Pode não parecer muito, mas certo é que Michelle tem uma aprovação quase independente da do marido – enquanto nos casos de Laura Bush ou Hillary Clinton, que alcançou um dos seus picos de popularidade durante o escândalo da traição do presidente com Monica Lewinsky, a aprovação do público das primeiras-damas dependia em grande parte da popularidade dos respetivos maridos. “O presidente Obama costuma lançar uma piada, quando fala da mulher, que tem sido uma grande verdade: ‘Há neste casal um membro com uma taxa de popularidade incrível e dou-vos uma pista: não sou eu’”, salienta Germano Almeida.

Acredita que Michelle compreende os seus problemas?

Germano Almeida concede que “o fenómeno acaba por ser compreensível: Barack Obama ocupa um cargo político de grande desgaste, Michelle não é política nem quer ser”. O que não quer dizer que não reúna simpatia (que já foi dos 43% de 2008 aos 79% em poucos meses) em sectores sociais muito diferentes: segundo uma pesquisa do Pew Research Center, em 2014, a popularidade de Michelle junto das mulheres negras rondava os 96% e caía para 66% junto das mulheres brancas. Mais significativa ainda era a resposta à pergunta “acredita que Michelle Obama compreende os seus problemas?”: enquanto mulheres brancas e negras e homens negros acreditavam que sim em larguíssimas maiorias, apenas 44% dos homens brancos responderam afirmativamente.

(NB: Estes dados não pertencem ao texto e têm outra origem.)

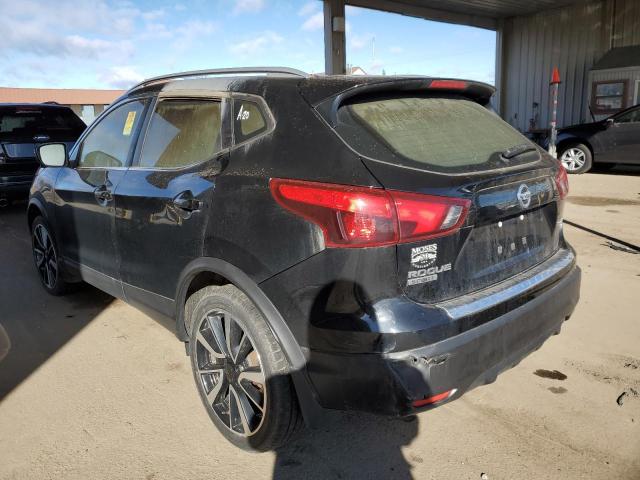 2017 NISSAN ROGUE JN1BJ1CR9HW103550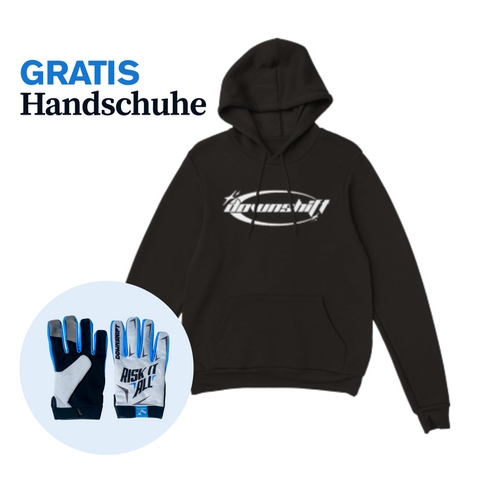 Downshift Hoodie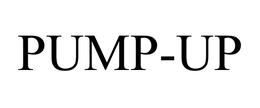 PUMP-UP trademark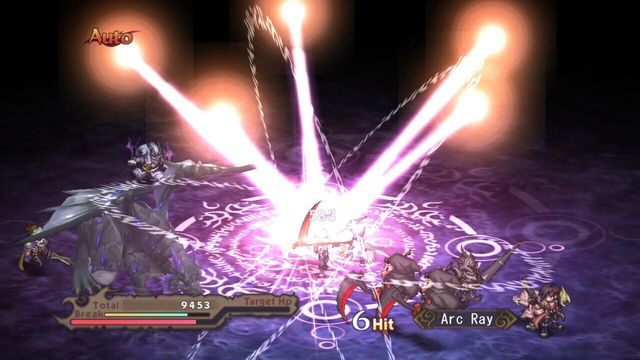 Agarest: Generations of War 3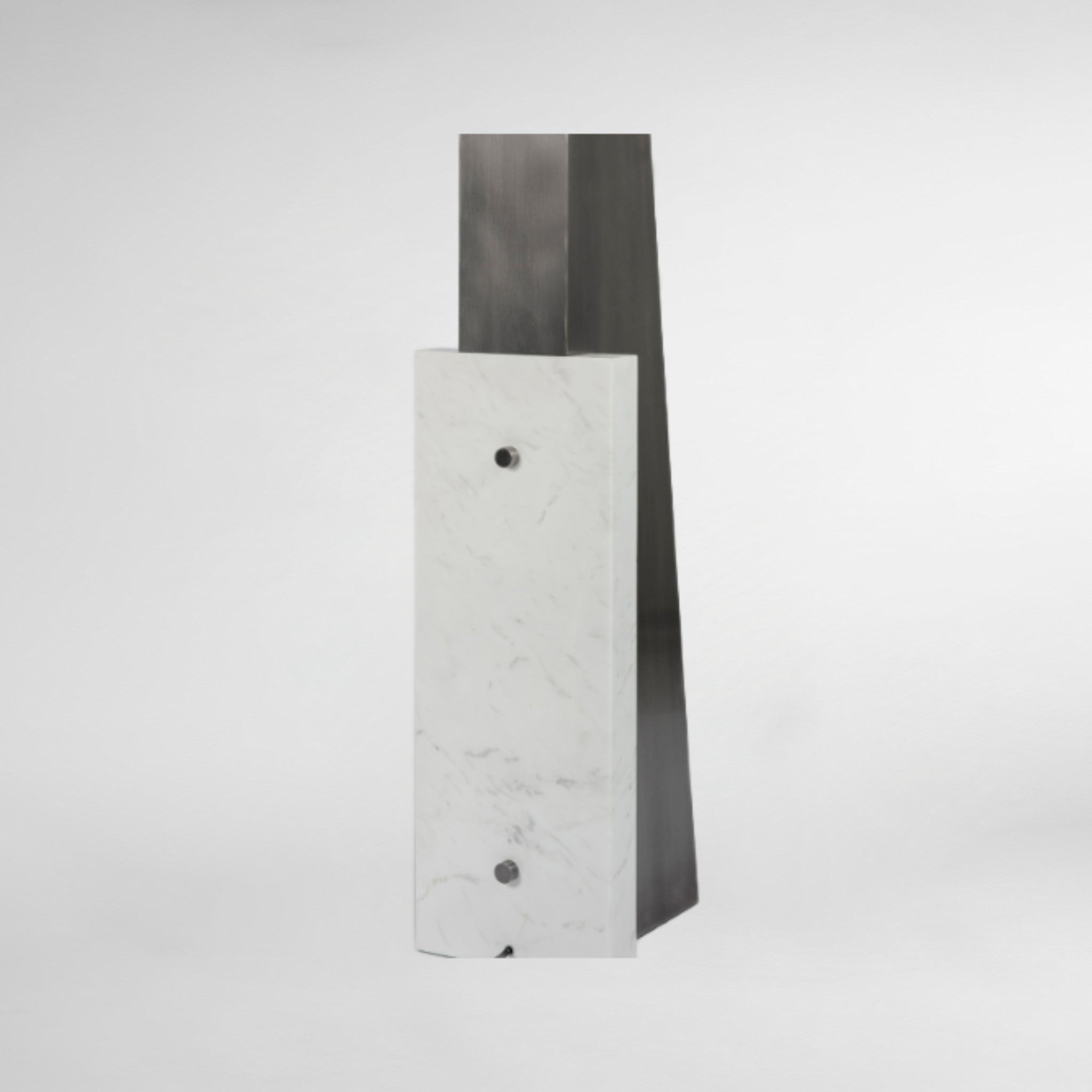 Cut Triangle II Luxury Designer Floor Lamp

Mesmo com estas divisões, o discurso de Michelle nesta convenção democrata foi aplaudido por democratas e conservadores e admirado como um dos seus momentos mais poderosos enquanto primeira-dama. “A campanha de Clinton está radiante com o forte apoio de Michelle, que tem seguidores extremamente leais, especialmente entre os afro-americanos e as mulheres. Michelle cria facilmente ligação com o público e tem uma história forte para contar”, salienta o seu biógrafo.

A alegria na campanha de Clinton não é de espantar: estamos a falar de uma primeira-dama “jovem, descontraída e com presença mediática poderosa”, assegura Germano Almeida – o último vídeo no programa de James Corden, em que cantarolou músicas de Beyoncé e Missy Elliot dentro do carro, chegou aos 30 milhões de visualizações em apenas sete dias.

Afinal, Michelle pode não querer nada com a política – mas parece certo que continuará a contar com um amplo grupo de seguidores, mesmo fora da Casa Branca.